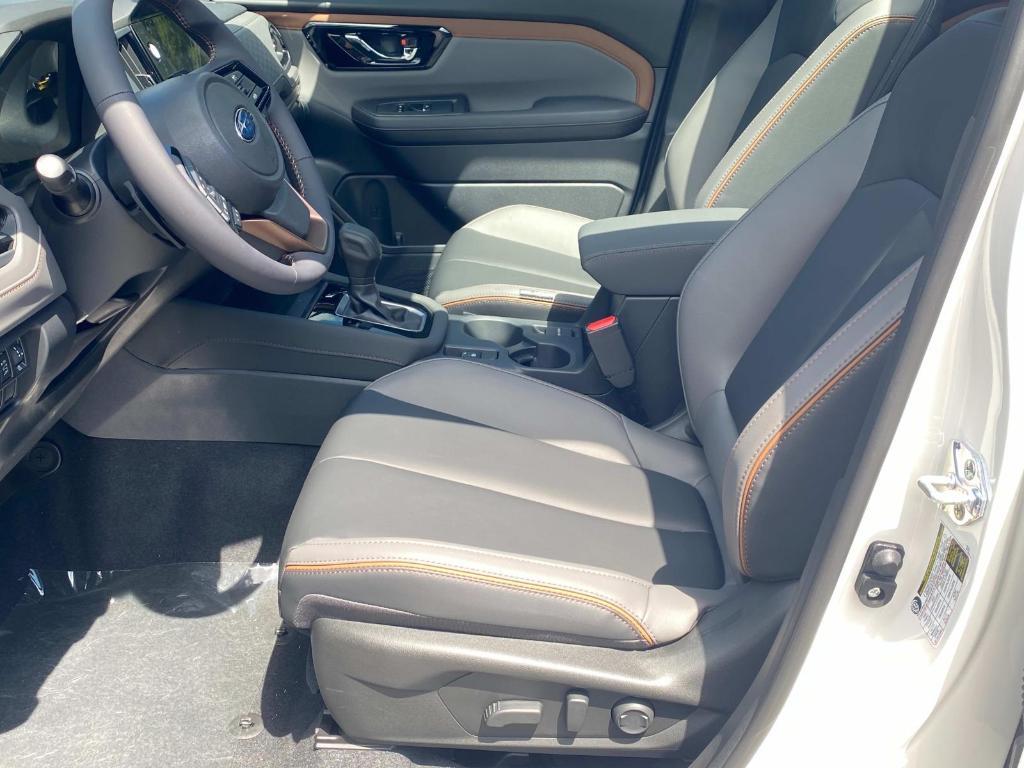 new 2025 Subaru Forester Hybrid car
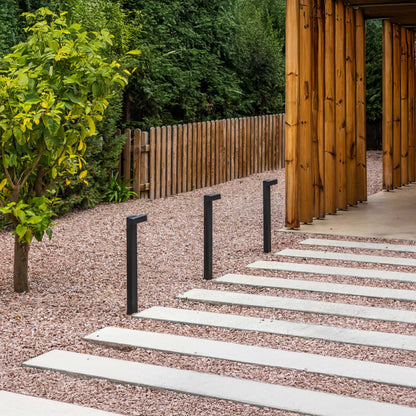 Szklana oprawa sufitowa Faro Brume LED IP44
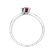 Prsteň s rubínom Bonbon3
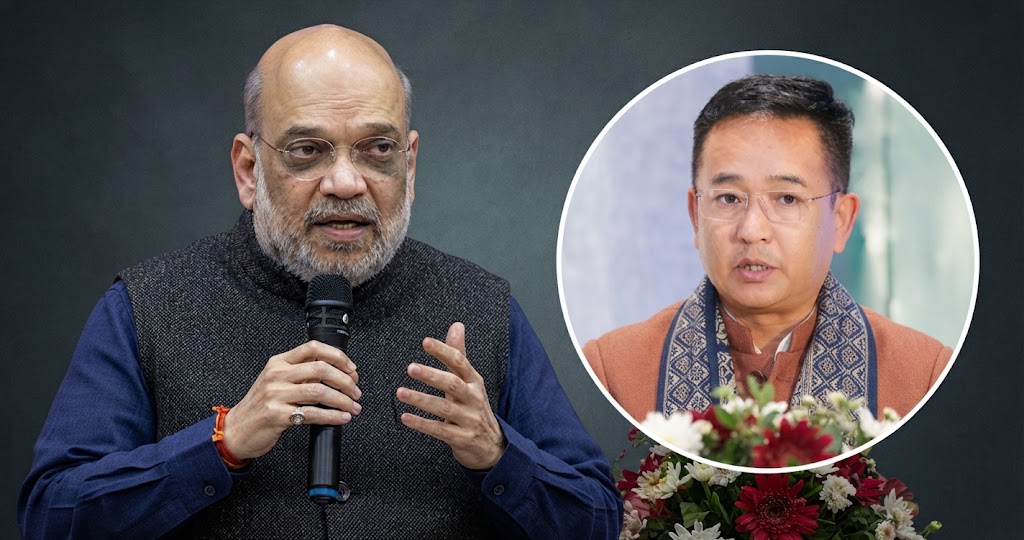 गोर्खा राजनीतिक समाधानको प्रस्तावलाई लिएर सिक्किममा विवाद, मुख्यमन्त्री गोलेद्वारा खण्डन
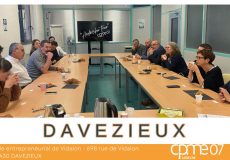 RENCONTRE A DAVEZIEUX
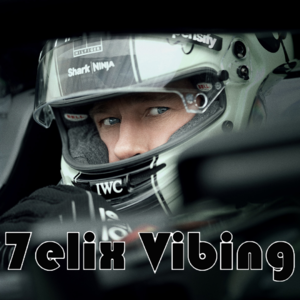 Vol. 2. 小聊: F1(2025)狂飙飞车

+---+

◆ **Assignment**: The expected output is the lines from the line that contains "Szklana oprawa sufitowa Faro Brume LED IP44" through the last line of the material, reproduced exactly, with both ends present and pictures absent.

◆ **Problem solution**:
 Szklana oprawa sufitowa Faro Brume LED IP44
 Prsteň s rubínom Bonbon3
 गोर्खा राजनीतिक समाधानको प्रस्तावलाई लिएर सिक्किममा विवाद, मुख्यमन्त्री गोलेद्वारा खण्डन
 RENCONTRE A DAVEZIEUX
 Vol. 2. 小聊: F1(2025)狂飙飞车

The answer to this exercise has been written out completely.